O PMDB é um balaio de grupos estaduais eternamente descontentes, a maioria deles adepta do velho provérbio de que "quem não chora, não mama". As exceções ficam por conta do senador Roberto Requião e outra meia dúzia, no máximo.

O PMDB é uma coisa no Pará, outra no Paraná. É uma coisa na Câmara, outra no Senado. É um partido que age de uma maneira, quando liderado por Michel Temer e Sarney, e de outra quando comandado por Eduardo Cunha e Renan Calheiros. 

Não é sempre o mesmo PMDB, pois a política o obriga a mudar, mas não dá para dizer que ele já foi melhor, salvo se enveredarmos na mitologia.

A velha luta da memória contra o esquecimento

Todo e qualquer presidente contribui, de uma maneira ou de outra, com êxitos e desastres maiores ou menores - dependendo das circunstâncias históricas e de como reage a elas.

Pela maioria dos relatos comemorativos da eleição de 15 de janeiro de 1985, até parece que a única coisa que deu errado com Tancredo e sua transição democrática foi sua morte.

Na narrativa que conta a jornada dos anos dourados à decadência completa, a malandragem é esculhambar o presente sem contar metade da missa, como se tivéssemos vindo de um mar de rosas e, no meio do caminho, alguém houvesse tropeçado - justo quando Tancredo já não estava mais lá para "ajudar". 

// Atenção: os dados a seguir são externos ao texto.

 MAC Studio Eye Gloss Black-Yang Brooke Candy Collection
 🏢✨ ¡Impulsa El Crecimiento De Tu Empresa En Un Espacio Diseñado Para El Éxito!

Além de ter sido o protagonista da vitória no Colégio Eleitoral, Tancredo não pode ser dissociado do que foi o governo Sarney e do que ocorreu com o PMDB.

A raposa mineira traçou os rumos da transição democrática, montou o governo Sarney e armou o jogo que fez o PMDB ser o que é.

Se o presidente morto merece respeito, a memória e a história também. 

Enaltecer Tancredo não pode ser um pretexto para distorcer a memória dos fatos e fazer com que todos se esqueçam, como num passe de mágica, de onde viemos, onde estamos e dos monstrengos que estão à frente do povo brasileiro fazendo da política, muitas vezes, um obstáculo, e não em uma via de transformação social e econômica do país.

As gerações que não viveram aquela época, mas que receberam esta pesada herança, merecem um relato condizente e fidedigno que contribua com seu aprendizado político na luta pela cidadania. Pelo menos, algo que ajude a entender as coisas que ainda acontecem à nossa volta.

(*) Antonio Lassance é cientista político.